3. There are always options, even if you think it's hopeless. There are good people out there. Good will always outweigh evil, no matter how bleak it seems.
4. I have awesome friends.
5. And I have a hard choice before me, but with those three options, how can I possibly go wrong?
 
Sounds to me like you did really well... when things started to make you doubt yourself, you relied on feedback from your support system... and you all took a really well reasoned approach.

Well done for you, you're friends, and the other gym respondents who wanted to know the name of the gym and were willing to work with you!!!

I love situations with a good moral and though it was difficult... you really SHINED gal! :tup::tup::tup:
 
Thank you so much! I still feel a bit weak in the knees, and am fighting feeling guilty and like I did something wrong -- my friends are diligently busy reminding me that it was just a misunderstanding and nobody did anything wrong. Based on the response from the other gyms, though, I think I'll be better off.
 
Bit of a long post, my apologies, but I'm trying to be fair as possible. As many of you know, I've b...
That is awesome, @DucatiGirl !! I'm glad you found so many people who can help you with this. I recently fired my physical therapist and the new one is amazing. I talk about him all the time, but it is so rare to find someone who "gets it," and isn't uncomfortable with me and my reactions. Yesterday he reassured me that any way I behave is okay, that I was in a safe space and they understand. More importantly, they care. It sounds like you've found your people now, and have your choice at that. You will definitely be better off, so happy for you!!
 
That is awesome, @DucatiGirl !! I'm glad you found so many people who can help you with this. I recently fired my physical therapist and the new one is amazing. I talk about him all the time, but it is so rare to find someone who "gets it," and isn't uncomfortable with me and my reactions. Yesterday he reassured me that any way I behave is okay, that I was in a safe space and they understand. More importantly, they care. It sounds like you've found your people now, and have your choice at that. You will definitely be better off, so happy for you!!

It''s amazing sometimes how important the little things are. It's as simple as someone saying "it's okay, we got your back, you are safe." Sometimes that's all it takes. I am SO VERY HAPPY you found a new PT! The best of luck in your rehab!
 
I am so inspired by this story. Your willingness to advocate for yourself, to be upfront, and to not accept when someone tries to feed you BS. Equally inspiring were the reactions from other gym owners you spoke to, particularly the first gentleman ("It's been my honor to help military vets and abuse victims, and I've introduced them all to this sport, and it would be my honor to help you through this too.
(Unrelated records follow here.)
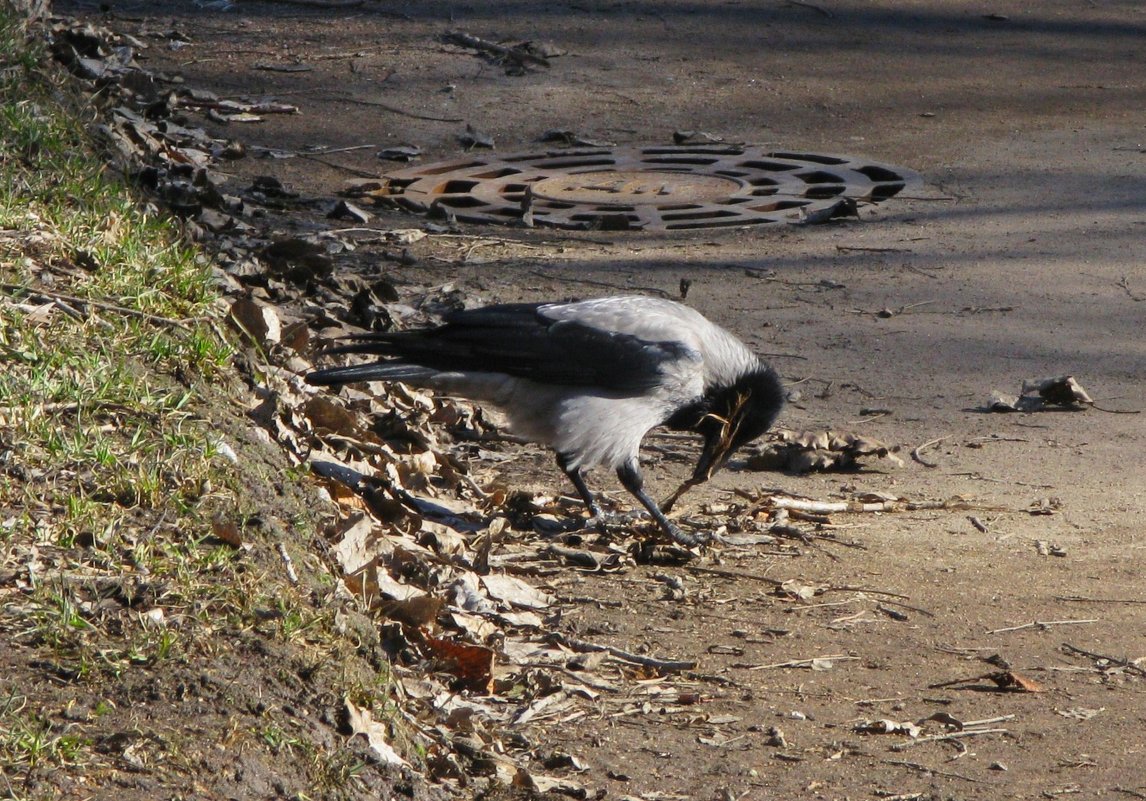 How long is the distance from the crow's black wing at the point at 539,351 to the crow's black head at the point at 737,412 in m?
0.23

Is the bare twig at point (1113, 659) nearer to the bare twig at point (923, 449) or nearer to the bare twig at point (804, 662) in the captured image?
the bare twig at point (804, 662)

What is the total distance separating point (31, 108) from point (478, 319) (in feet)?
7.61

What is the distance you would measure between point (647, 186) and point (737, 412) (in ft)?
12.1

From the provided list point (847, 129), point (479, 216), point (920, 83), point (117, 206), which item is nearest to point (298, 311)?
point (117, 206)

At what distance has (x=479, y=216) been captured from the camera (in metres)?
8.52

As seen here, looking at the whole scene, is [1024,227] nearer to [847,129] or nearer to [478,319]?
[847,129]

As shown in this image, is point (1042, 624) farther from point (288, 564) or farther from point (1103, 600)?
point (288, 564)

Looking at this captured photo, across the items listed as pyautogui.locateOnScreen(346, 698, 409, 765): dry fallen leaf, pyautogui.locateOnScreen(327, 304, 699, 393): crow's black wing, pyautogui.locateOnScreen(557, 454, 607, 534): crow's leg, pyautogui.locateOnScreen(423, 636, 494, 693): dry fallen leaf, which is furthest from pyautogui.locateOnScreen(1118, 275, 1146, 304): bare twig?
pyautogui.locateOnScreen(346, 698, 409, 765): dry fallen leaf

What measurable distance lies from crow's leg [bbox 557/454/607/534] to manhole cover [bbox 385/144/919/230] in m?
3.14

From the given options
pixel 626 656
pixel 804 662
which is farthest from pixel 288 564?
pixel 804 662

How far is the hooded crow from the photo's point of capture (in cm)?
536

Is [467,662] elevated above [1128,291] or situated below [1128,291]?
below

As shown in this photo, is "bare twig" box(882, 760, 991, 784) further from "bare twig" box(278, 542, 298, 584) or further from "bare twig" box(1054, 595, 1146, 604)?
"bare twig" box(278, 542, 298, 584)

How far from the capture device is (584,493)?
5.50 metres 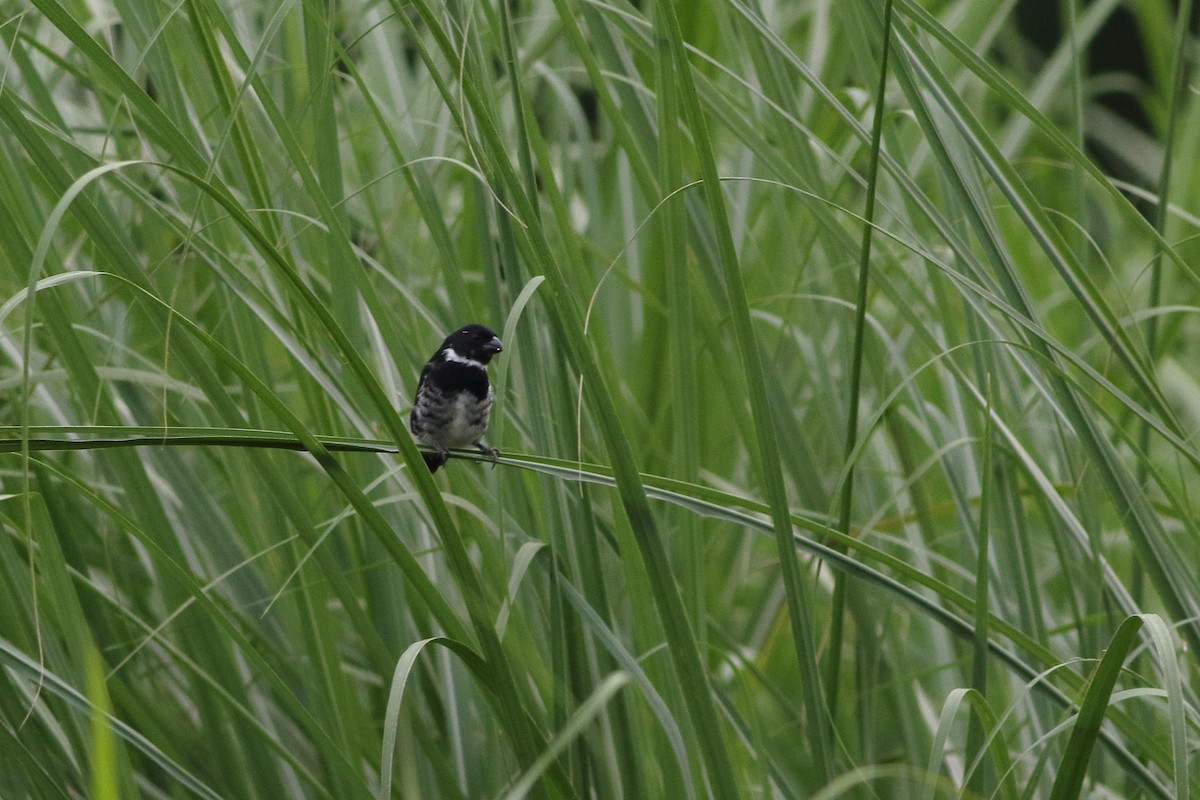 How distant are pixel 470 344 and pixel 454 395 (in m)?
0.11

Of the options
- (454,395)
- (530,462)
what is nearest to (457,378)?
(454,395)

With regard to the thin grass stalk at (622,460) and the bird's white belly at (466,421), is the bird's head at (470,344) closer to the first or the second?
the bird's white belly at (466,421)

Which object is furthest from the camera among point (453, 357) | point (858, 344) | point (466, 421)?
point (466, 421)

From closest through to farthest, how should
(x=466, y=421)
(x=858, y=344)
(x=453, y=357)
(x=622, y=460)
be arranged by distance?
(x=622, y=460), (x=858, y=344), (x=453, y=357), (x=466, y=421)

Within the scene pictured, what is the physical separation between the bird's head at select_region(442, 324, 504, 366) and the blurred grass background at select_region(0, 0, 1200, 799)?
0.05m

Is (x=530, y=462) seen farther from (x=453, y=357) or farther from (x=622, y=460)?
(x=453, y=357)

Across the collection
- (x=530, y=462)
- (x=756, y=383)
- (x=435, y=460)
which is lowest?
(x=435, y=460)

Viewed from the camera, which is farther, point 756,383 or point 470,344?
point 470,344

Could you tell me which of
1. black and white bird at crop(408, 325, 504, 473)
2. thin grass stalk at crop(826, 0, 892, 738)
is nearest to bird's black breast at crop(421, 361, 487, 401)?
black and white bird at crop(408, 325, 504, 473)

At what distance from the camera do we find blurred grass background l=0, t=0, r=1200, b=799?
989mm

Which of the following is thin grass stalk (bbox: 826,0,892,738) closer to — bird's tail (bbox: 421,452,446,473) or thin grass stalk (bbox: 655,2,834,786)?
thin grass stalk (bbox: 655,2,834,786)

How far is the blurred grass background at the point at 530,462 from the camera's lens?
3.25 ft

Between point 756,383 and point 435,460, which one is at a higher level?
point 756,383

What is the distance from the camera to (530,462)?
1.01 meters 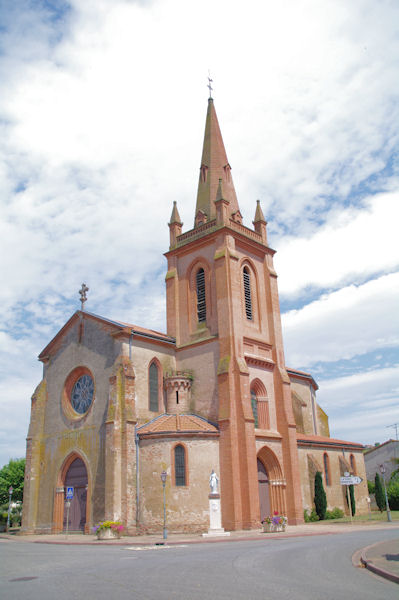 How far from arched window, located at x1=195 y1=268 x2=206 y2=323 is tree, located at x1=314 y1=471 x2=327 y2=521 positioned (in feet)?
46.5

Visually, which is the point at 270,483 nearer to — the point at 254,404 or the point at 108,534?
the point at 254,404

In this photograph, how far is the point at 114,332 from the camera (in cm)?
3412

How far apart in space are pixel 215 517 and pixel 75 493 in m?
10.6

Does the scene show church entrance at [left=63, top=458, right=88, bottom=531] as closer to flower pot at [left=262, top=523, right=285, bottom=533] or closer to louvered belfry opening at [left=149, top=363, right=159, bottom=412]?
louvered belfry opening at [left=149, top=363, right=159, bottom=412]

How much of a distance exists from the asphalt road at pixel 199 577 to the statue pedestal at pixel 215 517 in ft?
36.2

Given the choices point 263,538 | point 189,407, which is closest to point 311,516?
point 189,407

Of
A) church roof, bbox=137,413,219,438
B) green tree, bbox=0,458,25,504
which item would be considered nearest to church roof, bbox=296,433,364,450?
church roof, bbox=137,413,219,438

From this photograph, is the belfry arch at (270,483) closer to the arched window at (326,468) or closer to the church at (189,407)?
the church at (189,407)

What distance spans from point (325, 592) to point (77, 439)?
1065 inches

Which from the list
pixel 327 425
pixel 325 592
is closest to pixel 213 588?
pixel 325 592

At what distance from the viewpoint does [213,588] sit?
1032 cm

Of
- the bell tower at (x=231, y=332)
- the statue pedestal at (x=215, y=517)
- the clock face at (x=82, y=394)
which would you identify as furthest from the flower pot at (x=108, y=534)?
the clock face at (x=82, y=394)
You can do this.").

Beautiful. Kudos!
 
I cannot possibly like this enough, @DucatiGirl.

Thank you for sharing this.
Your transparency on this matter really makes it simple to see that we don't have to be marginilized if we just push thru initial resistance and discomfort other may have towards mental health issues.
This is pretty huge for me, I've sort of been hiding since my last exposure.
Hearing about your commitment and patience and empathy towards possible disconfort of others is the way to enlighten them to what a great person you really are. You opened eyes and blazed a trail here, gotta say thanks again...really happy for you and grateful for the sharing..
 
@Chimera, and @DreamLover, you just made my day. Thank you.

So many people helped me through my past struggles (and to continue the transparency, my current struggles) that I just want to help. If I can be a decent example, or at least champion the cause and start the dialogue, then I'll do my very best. What's that quote from Harry Potter? "It's difficult to stand up to your enemies, but even harder to stand up to your friends." I'd have to add that's it's definitely hard to stand up for YOURSELF too.
 
I prefer to not put the PTSD thing out there immediately as it puts people on edge and defines who I am before I'm known.

I much rather fight the stigma by being me and letting the PTSD thing come out later so people can say "gee, my perceptions of PTSD were flat out wrong."